# What you should do
In the records below, reproduce exactly the lines from the one containing "So 300 million" through the one containing "Those are my", both included, and omit the pictures.

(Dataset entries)
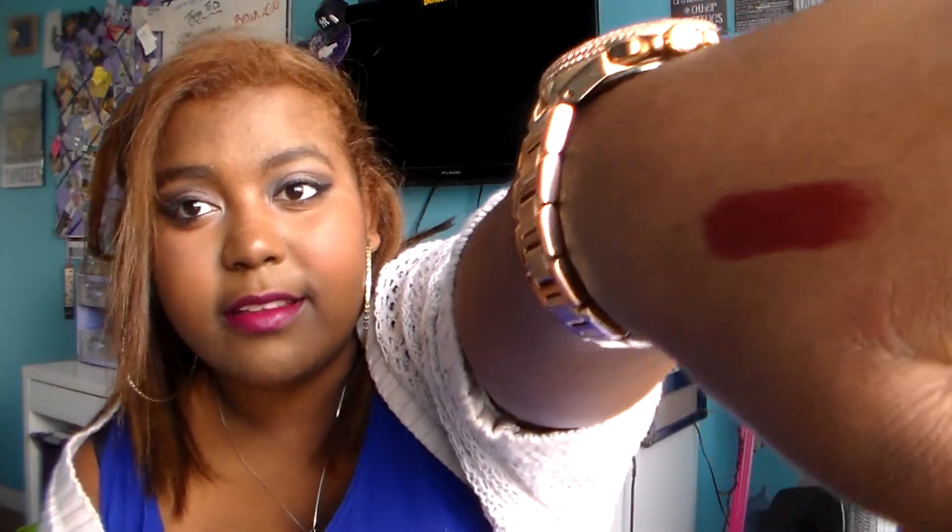This is the MAC lipstick in Media. I don't think I've really talked about it, but it looks like this. It's this dark, deep brownish plum — a deepish purpley brown. I'm not wearing it right now, surprisingly. But I do love it so much, so that's definitely been a favorite too, because I wear it all the time.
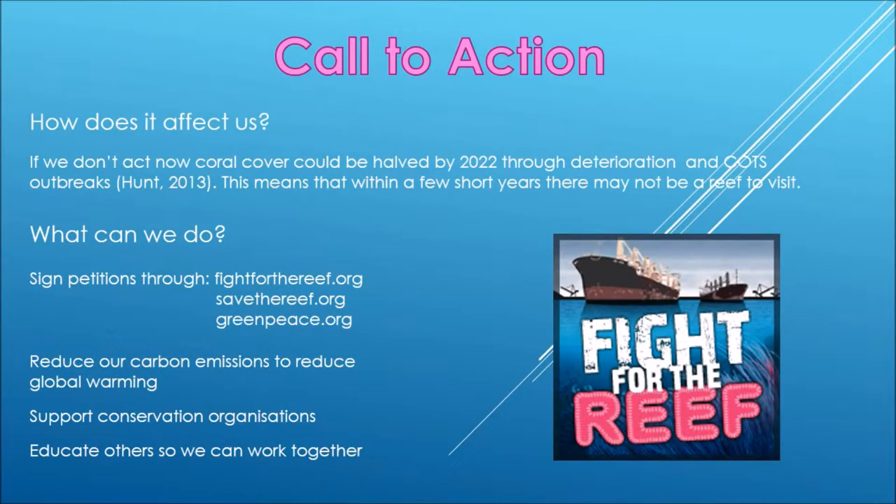This is your call to action. How does the decline of the reef affect us? Dr. Peter Doherty of the Australian Institute of Marine Science says that if we don't act now, coral cover could be halved by 2022 through deterioration and Crown of Thorns outbreaks. This means that within a few short years, there may not be a reef to visit.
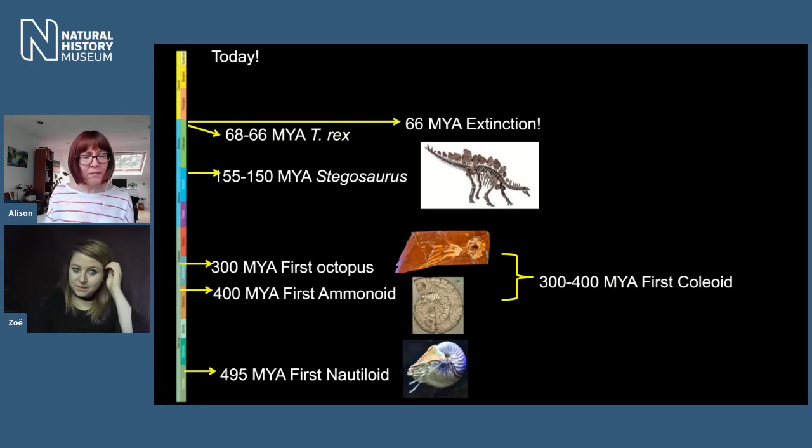So 300 million years ago we had that first fossil, but they could have evolved even earlier — we just can't tell because of what normally fossilises. Most museum fossils are bones, teeth, and shells — the hard parts. The problem with octopuses is they're really, really squishy. You actually need very specialist conditions to get them to fossilise, and if those conditions weren't around when the octopuses were alive, they wouldn't have fossilised.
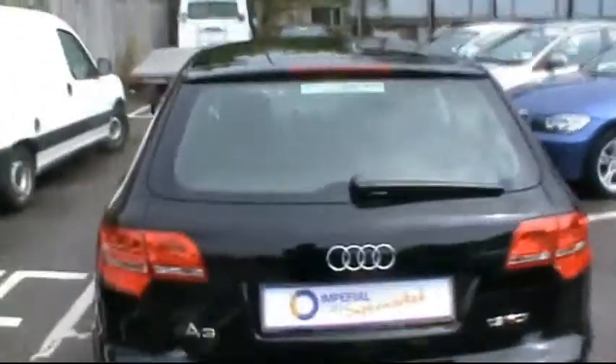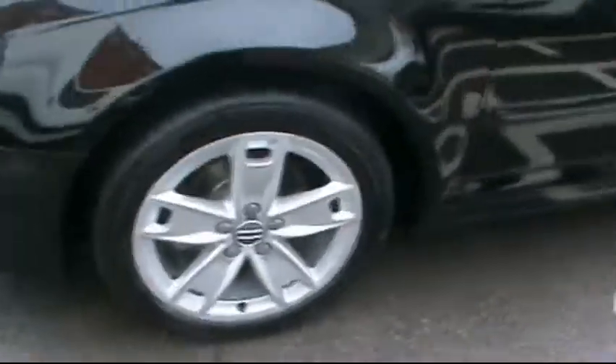At the back there are rear parking sensors. There were no scratches, dents or scrapes. It has alloy wheels, daytime running lights, and is of course the five door.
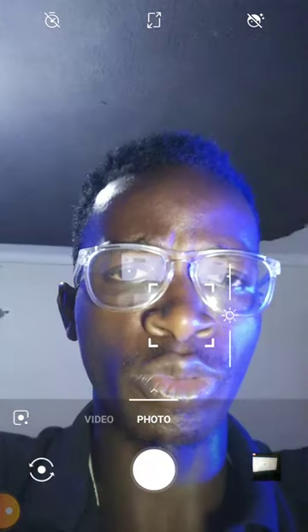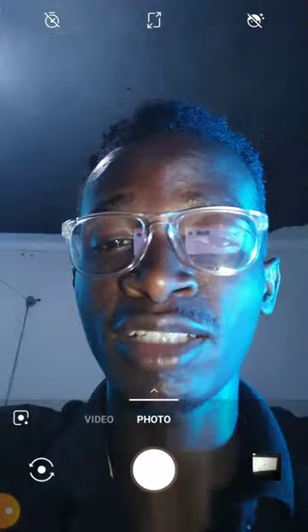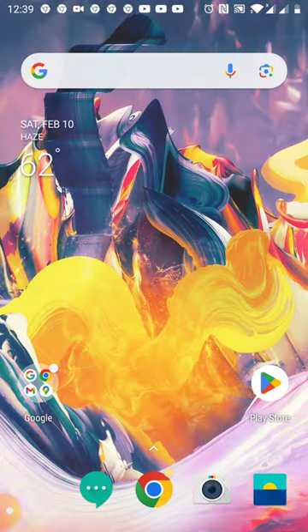What you should understand is that with these links you're not going to be charged more money. These links are basically to help you get what you want. I will be getting a commission when you use my link to buy, so remember to subscribe and remember to use my links so that I can continue sharing more information about these cameras.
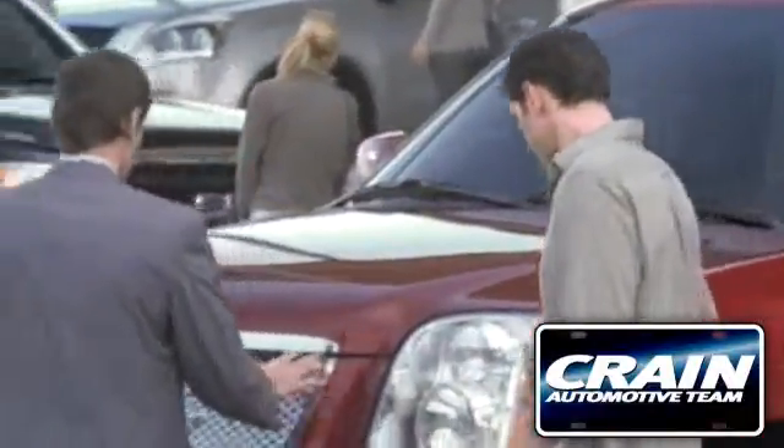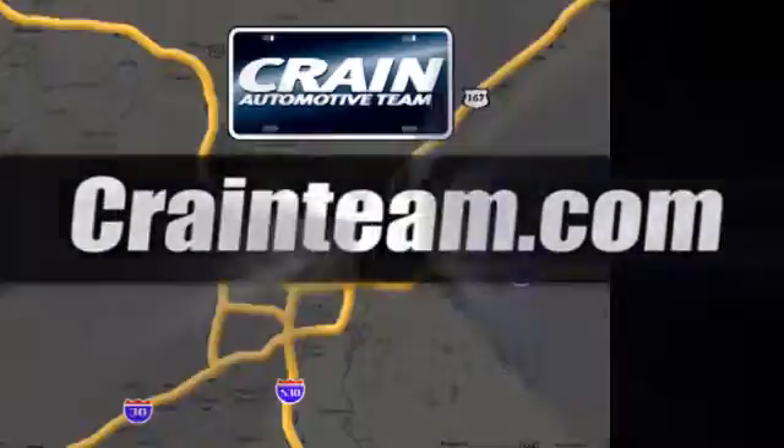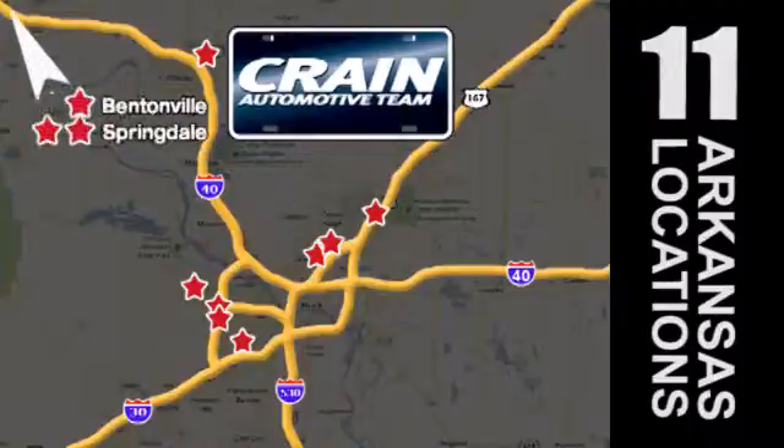Come and give it a look. Visit us anytime at Craneteam.com. The Craneteam's got them! Craneteam.com.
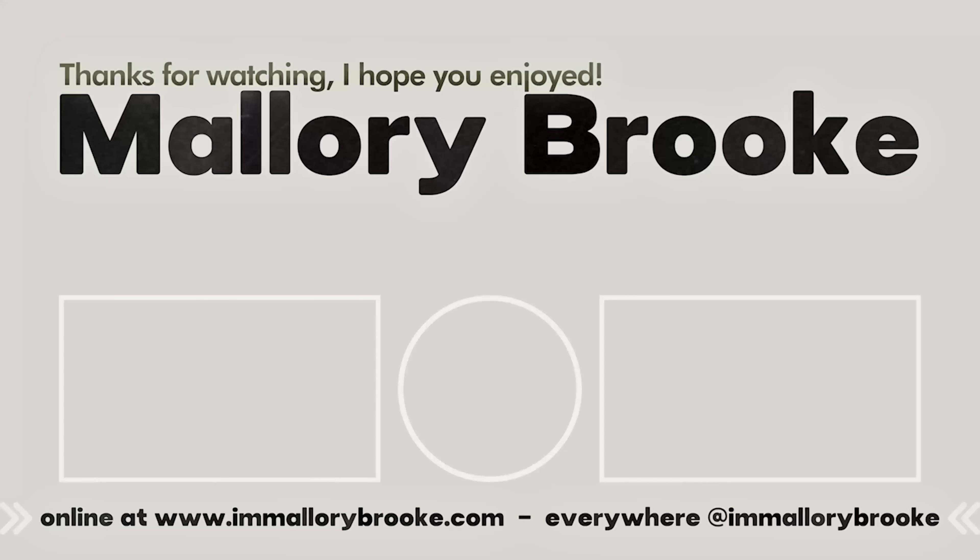Those are my top six foundations, from light to full coverage, that I've been reaching for over and over in the past year and that work really well with my 34-year-old dry skin. Let me know in the comments what your favorites are for dry skin — or if you're an oily skin person, leave that below too. The comments really help everyone out, and I love reading them.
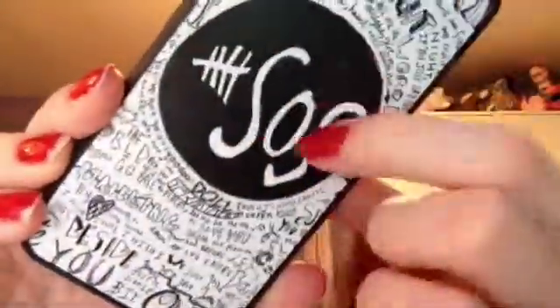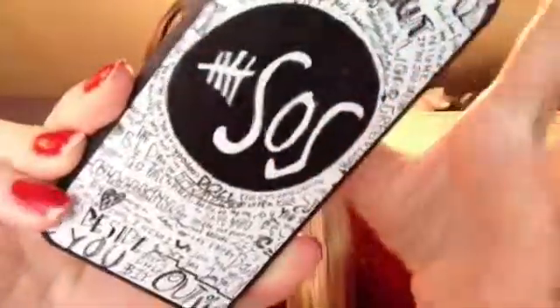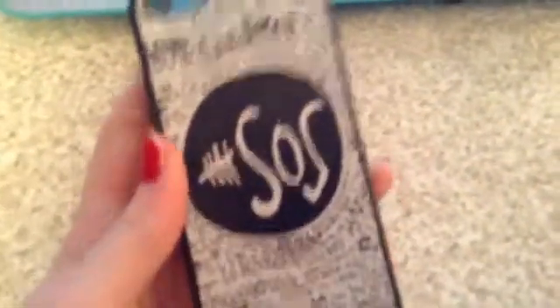The case just says '5' and then 'SOS' which stands for 5 Seconds of Summer, and it has all their songs written around it. I just got it today — it's Tuesday when I'm filming this. So if you want to see what's on my iPhone, keep watching. Like I said, I have the iPhone 5C in blue, and the case is from Amazon.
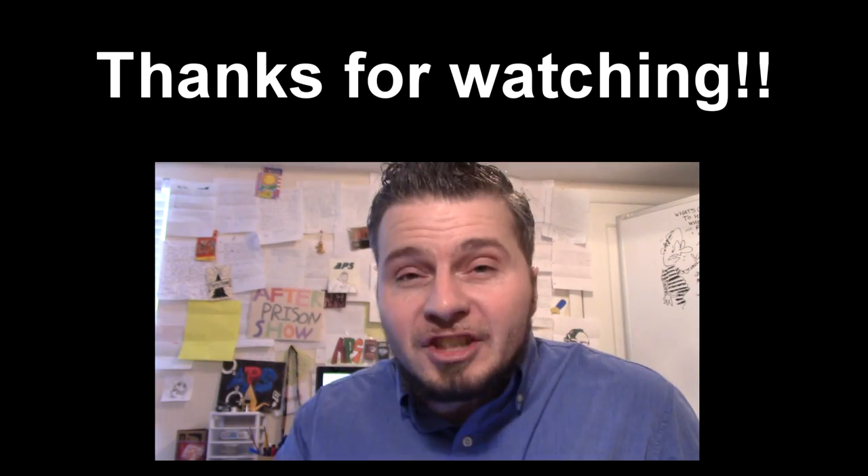That's it. I hope you enjoyed this video — please leave a like and a comment and let me know what you thought. Until next time, enjoy life and the free world, never take a moment for granted, and make the most of every day. Peace!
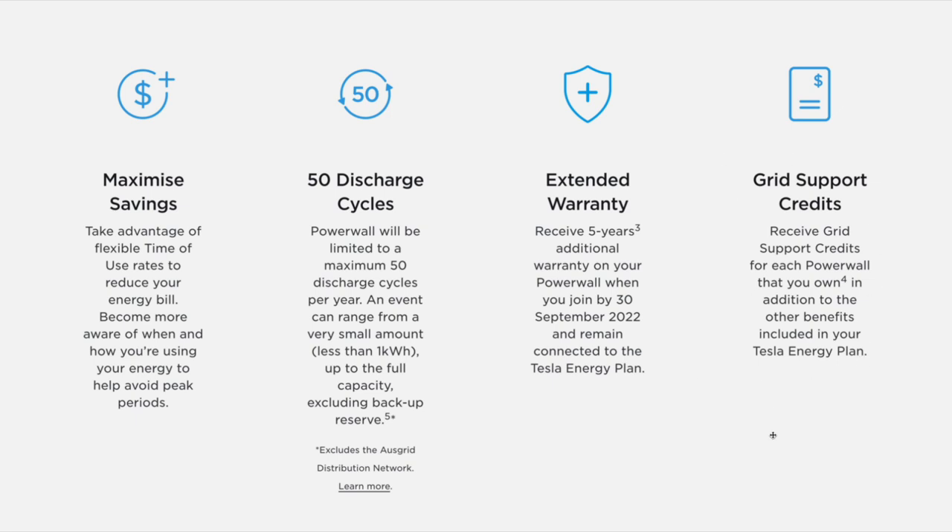Grid support credits: receive grid support credits for each Powerwall that you own, in addition to the other benefits included in your Tesla Energy Plan. That's $220 in grid credits per year for each Powerwall that you own.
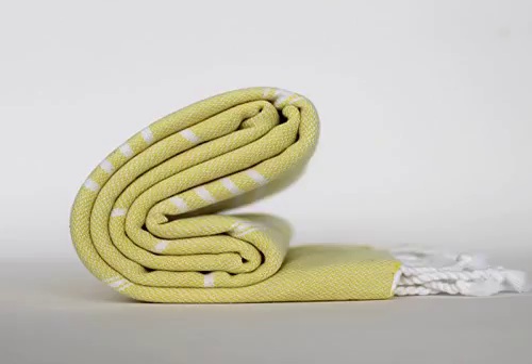Set of 6 Ottoman Peshtemal Turkish Towel Pestemal Bath. We don't know when or if this item will be back in stock.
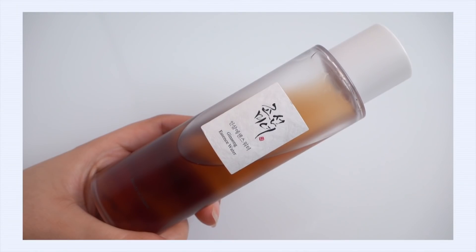First up is a product that can take the place of your toner and your essence. It is the Beauty of Joseon Ginseng Essence Water. You know I love a good hydrating toner and I love a good essence — I'm like the queen of both of those products, I feel like.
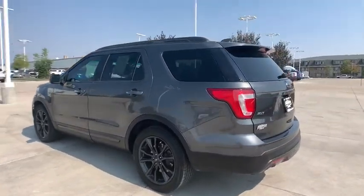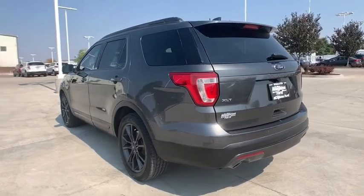This vehicle has less than 55,000 miles. Here are some of this vehicle's great options.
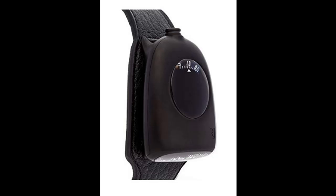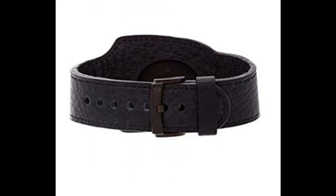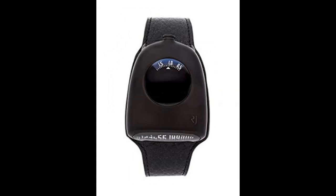Functions include retrograde jumping hours and minutes. This watch comes complete with box and papers. This is a limited edition piece of 99. We back this watch with a 2-year watch box warranty. This watch will be ready to ship in 5-7 days.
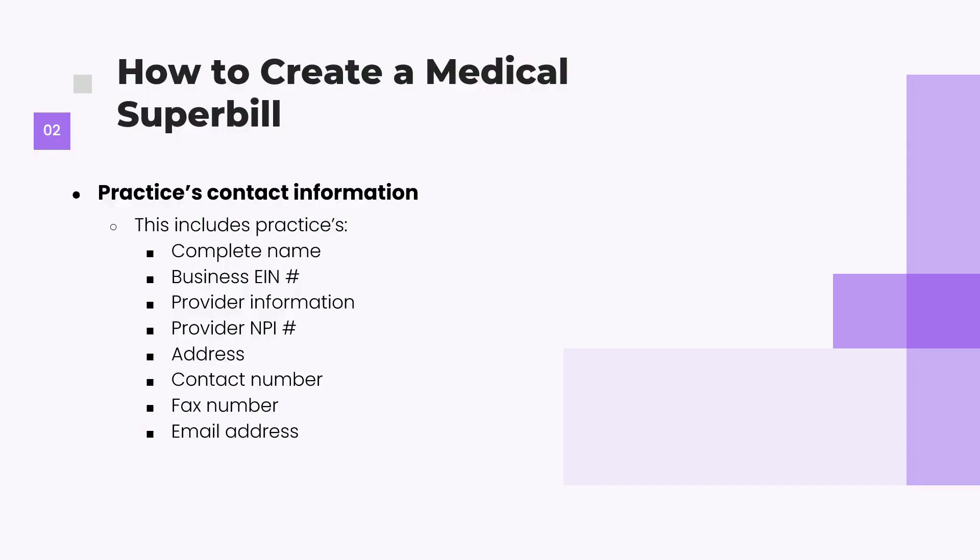You also need all of the practice contact information so the insurance company can reach you if they need additional documentation or have questions: the complete practice name, the business EIN, provider information, NPI (national provider identification number), practice address, contact information — office number or cell phone — and the fax number, which is really important for automated requests. Email is used less due to HIPAA considerations.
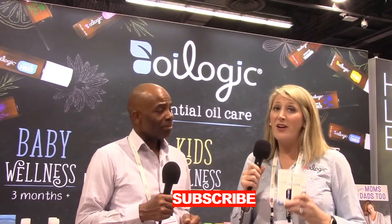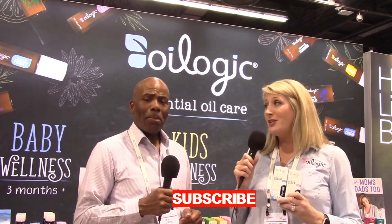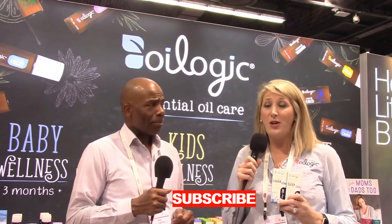Our brand is Oil Logic and we make essential oil products for babies and kids and also adults. But our baby line is really some of our very favorite products because they can be used on kids as young as six months and older. What we've tried to do is make essential oils very easy to use. As a mom, it was very confusing on how to use all of the essential oils and mix them and dilute them correctly, especially when it comes to children. So we've taken all that work out of it — we've blended the products, diluted them correctly, packaged them in roll-ons, and all you're getting is the essential oil as well as the dilution of the jojoba and castor oil.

# Written reply
So 300 million years ago we had that first fossil, but they could have evolved even earlier — we just can't tell because of what normally fossilises. Most museum fossils are bones, teeth, and shells — the hard parts. The problem with octopuses is they're really, really squishy. You actually need very specialist conditions to get them to fossilise, and if those conditions weren't around when the octopuses were alive, they wouldn't have fossilised.
At the back there are rear parking sensors. There were no scratches, dents or scrapes. It has alloy wheels, daytime running lights, and is of course the five door.
What you should understand is that with these links you're not going to be charged more money. These links are basically to help you get what you want. I will be getting a commission when you use my link to buy, so remember to subscribe and remember to use my links so that I can continue sharing more information about these cameras.
Come and give it a look. Visit us anytime at Craneteam.com. The Craneteam's got them! Craneteam.com.
Those are my top six foundations, from light to full coverage, that I've been reaching for over and over in the past year and that work really well with my 34-year-old dry skin. Let me know in the comments what your favorites are for dry skin — or if you're an oily skin person, leave that below too. The comments really help everyone out, and I love reading them.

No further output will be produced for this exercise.